What you have to do:
A line-by-line copy of the material below is required.

━━ Provided records ━━

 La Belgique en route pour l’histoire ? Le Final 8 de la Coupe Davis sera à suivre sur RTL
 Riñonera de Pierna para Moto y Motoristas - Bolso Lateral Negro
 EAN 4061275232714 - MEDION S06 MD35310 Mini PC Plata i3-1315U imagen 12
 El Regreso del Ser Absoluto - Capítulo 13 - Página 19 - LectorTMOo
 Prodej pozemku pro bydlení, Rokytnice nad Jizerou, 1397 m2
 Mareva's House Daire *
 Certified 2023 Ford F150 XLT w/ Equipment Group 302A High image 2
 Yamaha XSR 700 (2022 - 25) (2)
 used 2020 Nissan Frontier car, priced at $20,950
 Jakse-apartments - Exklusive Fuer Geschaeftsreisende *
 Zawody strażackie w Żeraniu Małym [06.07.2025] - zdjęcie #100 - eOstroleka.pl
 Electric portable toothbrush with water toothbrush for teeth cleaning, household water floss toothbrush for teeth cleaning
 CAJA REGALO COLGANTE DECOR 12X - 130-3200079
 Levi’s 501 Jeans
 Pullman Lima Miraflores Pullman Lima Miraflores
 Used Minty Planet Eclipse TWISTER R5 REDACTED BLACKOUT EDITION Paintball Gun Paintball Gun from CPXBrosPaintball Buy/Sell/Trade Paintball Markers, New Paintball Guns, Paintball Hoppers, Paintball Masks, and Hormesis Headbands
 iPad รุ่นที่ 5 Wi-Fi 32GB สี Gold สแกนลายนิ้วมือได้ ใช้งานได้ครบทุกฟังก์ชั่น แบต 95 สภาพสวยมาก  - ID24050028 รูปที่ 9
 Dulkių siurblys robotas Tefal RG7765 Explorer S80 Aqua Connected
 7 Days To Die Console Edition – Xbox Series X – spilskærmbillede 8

━━━

Result:
 La Belgique en route pour l’histoire ? Le Final 8 de la Coupe Davis sera à suivre sur RTL
 Riñonera de Pierna para Moto y Motoristas - Bolso Lateral Negro
 EAN 4061275232714 - MEDION S06 MD35310 Mini PC Plata i3-1315U imagen 12
 El Regreso del Ser Absoluto - Capítulo 13 - Página 19 - LectorTMOo
 Prodej pozemku pro bydlení, Rokytnice nad Jizerou, 1397 m2
 Mareva's House Daire *
 Certified 2023 Ford F150 XLT w/ Equipment Group 302A High image 2
 Yamaha XSR 700 (2022 - 25) (2)
 used 2020 Nissan Frontier car, priced at $20,950
 Jakse-apartments - Exklusive Fuer Geschaeftsreisende *
 Zawody strażackie w Żeraniu Małym [06.07.2025] - zdjęcie #100 - eOstroleka.pl
 Electric portable toothbrush with water toothbrush for teeth cleaning, household water floss toothbrush for teeth cleaning
 CAJA REGALO COLGANTE DECOR 12X - 130-3200079
 Levi’s 501 Jeans
 Pullman Lima Miraflores Pullman Lima Miraflores
 Used Minty Planet Eclipse TWISTER R5 REDACTED BLACKOUT EDITION Paintball Gun Paintball Gun from CPXBrosPaintball Buy/Sell/Trade Paintball Markers, New Paintball Guns, Paintball Hoppers, Paintball Masks, and Hormesis Headbands
 iPad รุ่นที่ 5 Wi-Fi 32GB สี Gold สแกนลายนิ้วมือได้ ใช้งานได้ครบทุกฟังก์ชั่น แบต 95 สภาพสวยมาก  - ID24050028 รูปที่ 9
 Dulkių siurblys robotas Tefal RG7765 Explorer S80 Aqua Connected
 7 Days To Die Console Edition – Xbox Series X – spilskærmbillede 8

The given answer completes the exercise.